Singletary found himself in a number of scrambles throughout the match, he took several shots he didn't finish and failed to hold off all of Parris' shot attempts. But, he showed that he can beat Parris at their last meeting, and he acquitted himself relatively well in the loss Friday night.

One area of concern is that Singletary weighed in fairly light; according to the Big Ten commentators, he stepped on the scales at 226 pounds. That's not far off where Kyle Snyder wrestled during his tenure, but Singletary has four inches of height on Snyder, and he needs to be heavier to compete with the top end of the class in the postseason.

As Jaggers said earlier in the month about Malik Heinselman, it's not how much the guy weighs so much as how strong he is for the weight, but in Singletary's case it bears watching over the next 55 days.

What's Next?

Ohio State has a couple of meets to lick its wounds and regroup ahead of its next major test versus Penn State.

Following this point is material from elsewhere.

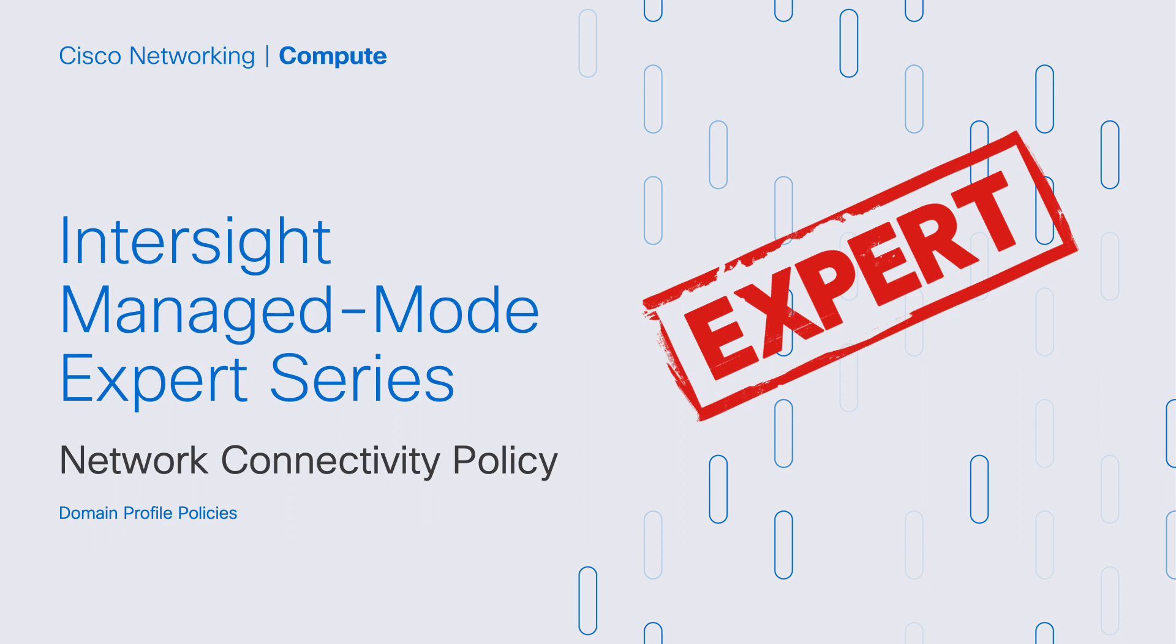Greetings, this is Matt Fiello, and I'm back with another Intersight Manage Mode Expert Series video. We're talking about domain profile policies, and today's policy will be the Network Connectivity Policy. With that, we're going to talk about a few slides, cover a few items, and then have a short demo.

The Buckeyes head to Champaign to face Illinois, Friday, Feb. 1 in another primetime match that will be televised on the Big Ten Network. They'll wrestle on Sunday afternoon, Feb. 3, in Evanston at Northwestern on BTN Plus.

Then it's back home to St. John Arena, to host No. 1 Penn State on Friday, Feb. 8 on BTN.

Tom Ryan and staff have plenty to work on over the next two weeks... and more importantly, over the weeks between now and the Big Ten Tournament.